PROBLEM TO SOLVE
Print the listing below verbatim, passing over each picture.

SUPPLIED MATERIAL
• • • •

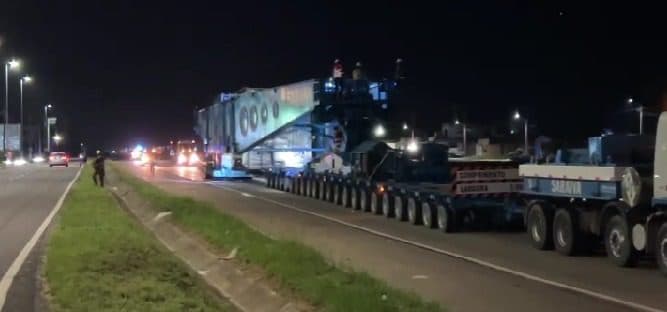 Pausa da escolta do transformador provoca desvio do trânsito na BR-101, em Alhandra; confira detalhes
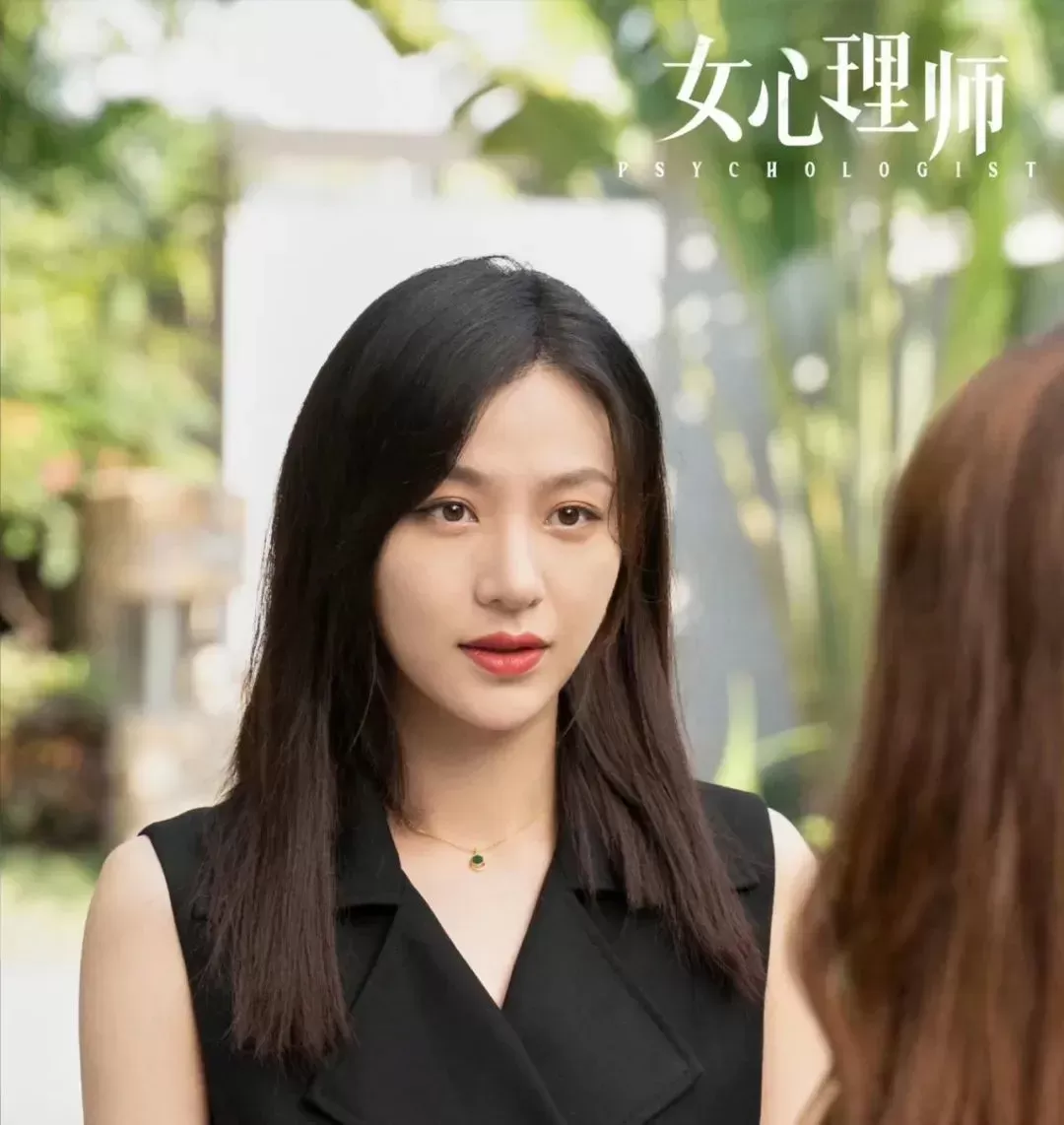北大校花：娱乐圈再见，我去卖臭豆腐了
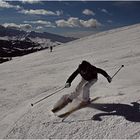 Winterurlaubskitschbild mit blauem Himmel.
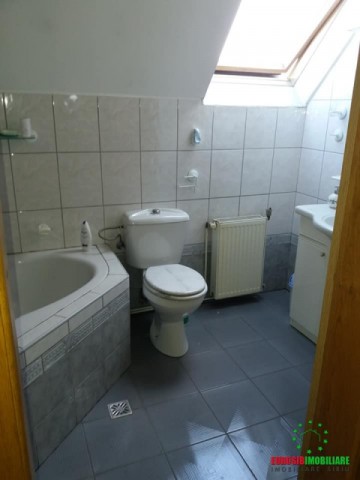 apartament-140-mp-de-inchiriat-in-sibiu-zona-calea-poplacii-16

• • • •

EXERCISE ANSWER
 Pausa da escolta do transformador provoca desvio do trânsito na BR-101, em Alhandra; confira detalhes
北大校花：娱乐圈再见，我去卖臭豆腐了
 Winterurlaubskitschbild mit blauem Himmel.
 apartament-140-mp-de-inchiriat-in-sibiu-zona-calea-poplacii-16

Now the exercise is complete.